Makeup retailer Morphe has parted with YouTuber Jeffree Star, after weeks of public acrimony in the YouTube beauty community. Star has been accused of using racist and offensive language, as well as manipulating other creators and people close to him.
“Today we’ve made the decision to cease all commercial activity related to Jeffree Star and affiliated products,” a tweet from Morphe’s account reads. As of right now, Star’s products remain on the site, but a tweet from the Morphe account says that will change in “the coming weeks,” without giving a specific date. Star’s relationship with Morphe was once a major source of income for the creator, who’s launched several lines with the company and become a face for its brand. A statement posted on Jeffree Star Cosmetic’s Instagram account stated the team was “shocked and extremely saddened by the decision” to part ways.
“We’ve made the decision to cease all commercial activity related to Jeffree Star and affiliated products.”
Until now, Morphe hasn’t said anything publicly about the accusations against Star or resurfaced videos showing the creator using racist and other types of offensive language. But that’s only part of it. Star is in the middle of several controversies, some more severe than others. On one end is the aforementioned videos resurfacing, arriving at a time when several prominent YouTube personalities — including Star’s close-friend-turned-collaborator Shane Dawson — are grappling with past videos featuring racially insensitive or offensive content.
On the other end is a situation that feels more like high school drama: rumors being spread over Twitter DMs and text message threads. This is a little complex, so stay with me: YouTube creator Tati Westbrook made a video in 2019 suggesting fellow makeup YouTuber James Charles used his influence to make inappropriate advances with another man. As it happens, Charles also partnered with Morphe for a couple of his own palettes. After Westbrook’s accusation, fans of Charles who purchased his Morphe collection recorded videos of themselves destroying the palettes and posted them to TikTok and Instagram. The video resulted in Charles losing millions of subscribers, and he ultimately posted his own video on the subject. It reportedly garnered more than 30 million views before he deleted it.
Then, there were rumors about rumors: more specifically, that Star had been behind the Charles rumors, and intentionally spread them. Last week, Star and Dawson were accused by creator Tati Westbrook of gaslighting and manipulating her into a public feud with Charles through those rumors.
YouTube “drama” often plays out in the form of numerous videos and responses being published by creators to address whatever is happening in their corner of the internet. With the beauty community, the financial repercussions can be a little more extreme. Makeup lines, especially eye shadow palettes, are a serious source of revenue for the beauty community’s top creators — and for Morphe, who carries lines like Jeffree Star Cosmetics. Morphe has turned cosmetic line rollouts into star-studded events, with in-store appearances by influencers that are so popular malls shut down and extra security is needed.

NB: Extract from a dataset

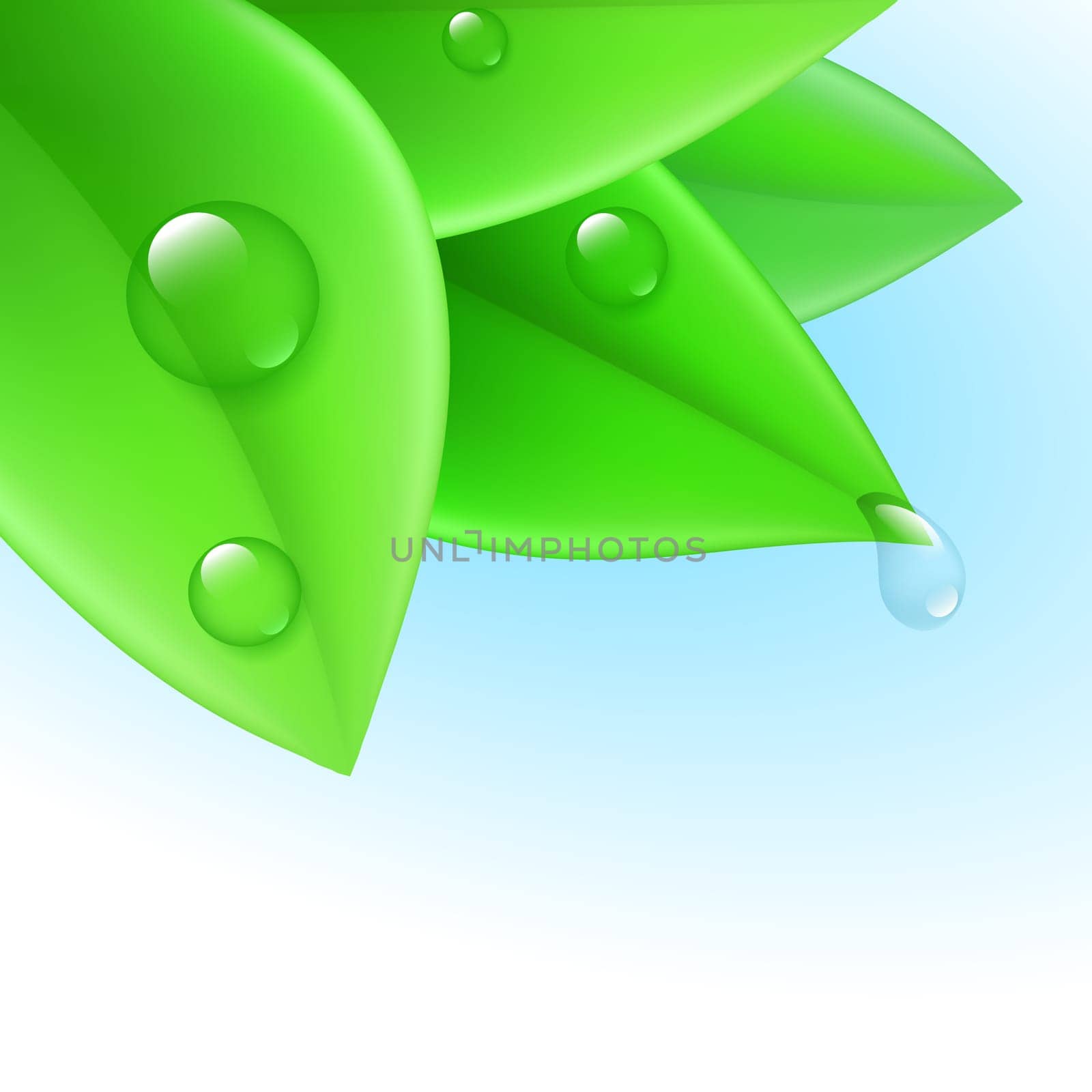 Pure transparent water drops on green leaves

With the beauty community, the financial repercussions can be a little more extreme
Star and Dawson’s “Conspiracy” palette, for example, was expected to generate $17.5 million through in-store revenue sales and another $17.5 million on Star’s website, according to Morphe executives who spoke to Star and Dawson about the potential profit of the line in a seven-part documentary series, as well as Star’s own calculations. The first batch of 60,000 units Star and Dawson released sold out within 30 minutes. The YouTubers and Morphe released another 60,000 units as quickly as they could. Those, too, sold out fast. Prior to the Conspiracy palette, Star had worked with Morphe on carrying a number of his other lines, including one earlier this year.

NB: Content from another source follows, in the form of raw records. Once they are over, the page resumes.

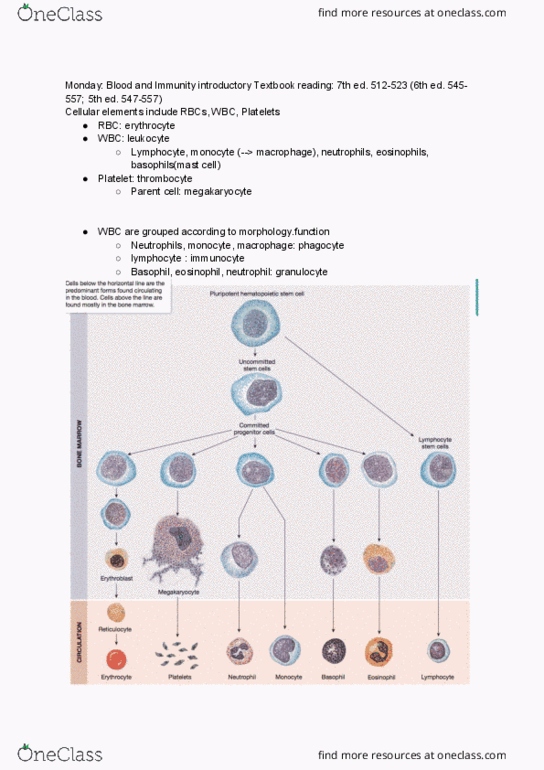 PSL301H1 Chapter Notes - Chapter 1: Hematopoietic Stem Cell, Leukopoiesis, Mast Cell thumbnail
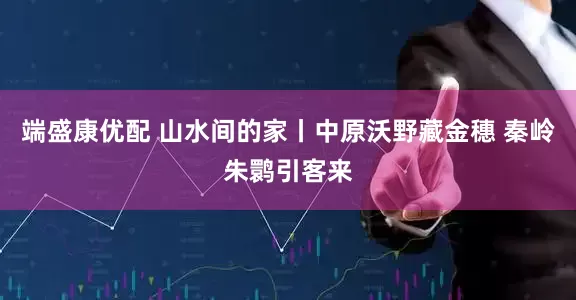 端盛康优配 山水间的家丨中原沃野藏金穗 秦岭朱鹮引客来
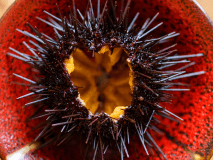 濃厚で、深い味わいの『ウニ』　&ldquo;ふわっふわ&rdquo;の舌触りと、甘みを存分に！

As important as it is for Star to have his collections sold in malls across the country, it’s just as big a deal for Morphe to carry high-profile personalities in the community. Emine ErSelcuk, Morphe’s then vice president of global retail, said in a 2019 interview that teaming up with beauty creators, many of whom have millions of subscribers on YouTube, early in the company’s life played a part in its success.
“We do influencer collaborations that are true to the vision of that beauty influencer,” ErSelcuk told Retail Insider. “And we’ve been very, very successful with this formula.”
Star can continue to sell his products through his online store and other potential physical retail partners, but Morphe’s decision to publicly step back from the relationship is a distinct rebuke. It’s not clear whether Morphe will team up with Star again, either. The Verge has asked Morphe for more details on the extent of the company’s decision to “cease all commercial activity.”
“As we look to the future, we will continue to share updates on what lies ahead for the Morphe brand,” the company said in a tweet.
Update July 11th, 12:23am ET: Updated to include statement from Jeffree Star Cosmetics.